MARCO FLAVIO LAPICCIRELLA 

Linea dura dell’Italia nei confronti della Corea del Nord. L’ha illustrato il ministro degli Esteri Angelino Alfano in un’intervista a Repubblica pubblicata domenica, all’interno della quale sono state descritte e motivate le misure assai severe adottate dal nostro governo nei riguardi dei rappresentanti del regime di Kim Jong-un.

«Noi abbiamo preso una decisione forte e cioè di interrompere la procedura di accreditamento dell’ambasciatore della Repubblica Popolare Democratica di Corea – ha dichiarato Alfano al quotidiano di Via Cristoforo Colombo – l’ambasciatore dovrà lasciare l’Italia».

Un pugno di ferro che, sostiene Thomas Mackinson sul Fatto Quotidiano, dovrebbe essere osservato e valutato con una prospettiva ridimensionata. Primo, perché già altre Nazioni hanno adottato questo provvedimento prima dell’Italia, ovvero Perù, Kuwait, Malesia, Messico e, in Europa, Portogallo e Spagna. Secondo, perché, effettivamente, non c’è al momento nessun ambasciatore da cacciare dal Bel Paese: l’ultimo ambasciatore accredito, Kim Chun-guk, è infatti morto a Roma nel 2016, e le credenziali del successore designato dallo Stato nord-coreano, Mung Jong-nam, non hanno mai passato il vaglio del Quirinale.  

Più rilevante o meno la si voglia intendere, la strategia illustrata dal ministro Alfano poggia la proprio ragion d’essere su alcune considerazioni nette. «Vogliamo far capire a Pyongyang che l’isolamento è inevitabile se non cambia strada - prosegue il titolare della Farnesina a Repubblica – La Corea del Nord ha effettuato nelle scorse settimane un ulteriore test nucleare, di potenza superiore a tutti quelli precedenti, e ha continuato con lanci di missili balistici. L'Italia, che presiede il Comitato Sanzioni del Consiglio di Sicurezza, chiede alla comunità internazionale di mantenere alta la pressione sul regime». 
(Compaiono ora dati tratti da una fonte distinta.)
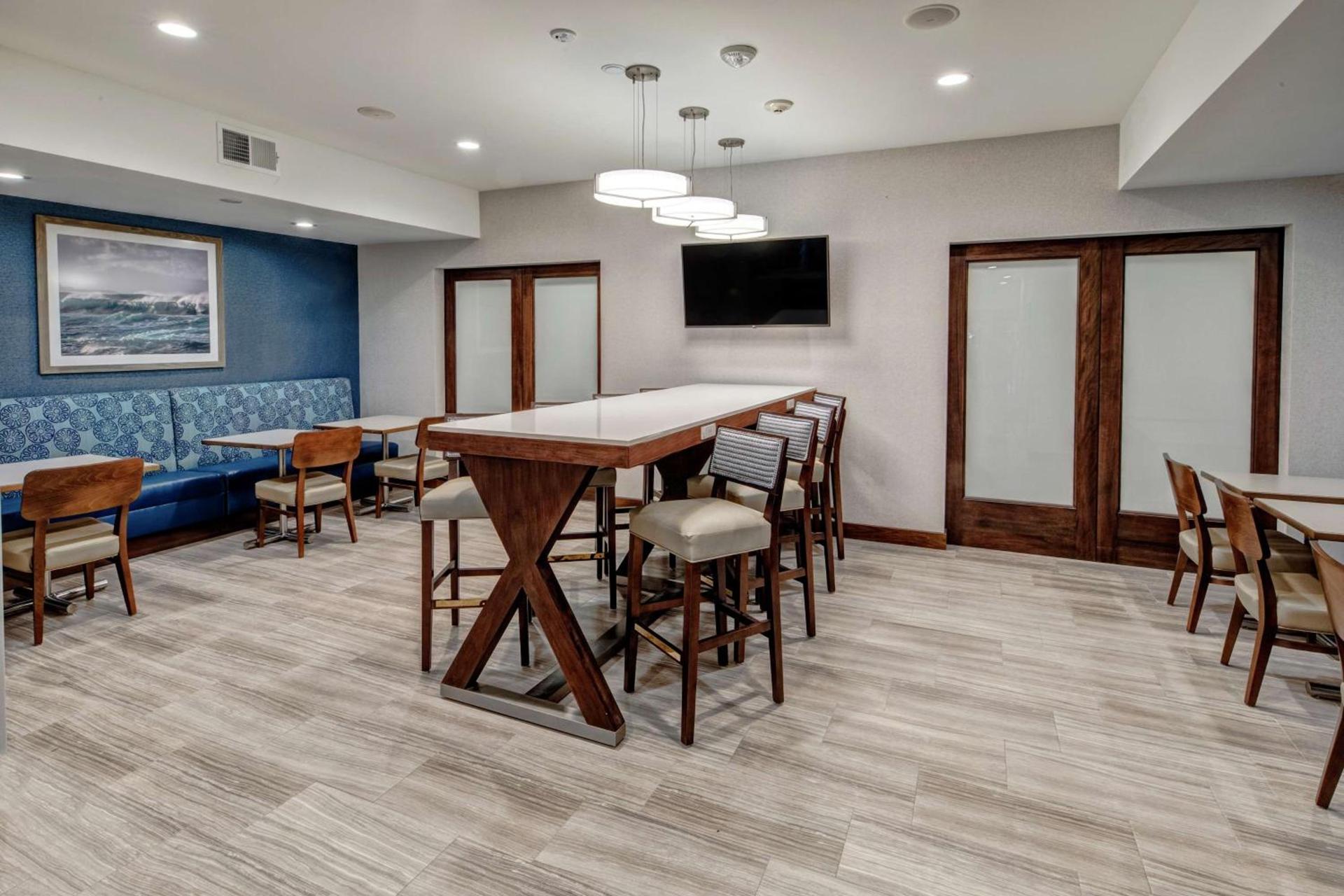 Hampton by Hilton Encinitas-Cardiff Encinitas, CA near Del Mar photo 14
Dichiarazioni che si riferiscono espressamente alla detonazione dell’ordigno atomico avvenuta domenica 3 settembre all’interno del monte Punggye-ri, la sesta ordinata da Kim Jong-un dalle elezioni che hanno portato Donald Trump alla Casa Bianca. L’esplosione della bomba all’idrogeno, avvenuta a 10 km di profondità, aveva fatto registrare una potenza pari a circa 5 volte quella dell’esperimento nucleare precedente, e pari circa ad altrettante volte quella drammaticamente celebre di Nagasaki. Non solo, a seguito della detonazione si era manifestato un episodio tellurico di 6.3 gradi della Scala Richter, con successiva coda sismica costituita da un secondo terremoto calcolato in 4,6 gradi. 

Nonostante il provvedimento d’allontanamento del diplomatico nord-coreano divulgato dal ministro Alfano, o meglio, parallelamente ad esso, è lo stesso titolare della Farnesina a sottolineare che il dialogo con il Paese dell’estremo oriente non verrà del tutto a mancare: «Tuttavia, non tronchiamo le relazioni perché può essere sempre utile mantenere un canale di comunicazione». Un contatto con Pyongyang che viene curato anche dagli Stati Uniti, come riportato dal segretario di Stato Rex Tillerson, e che Alfano, rapportandosi proprio alla scelta americana, definisce a beneficio dell’inviato di Repubblica come “un elemento di conforto” e “più di una clausola di stile”.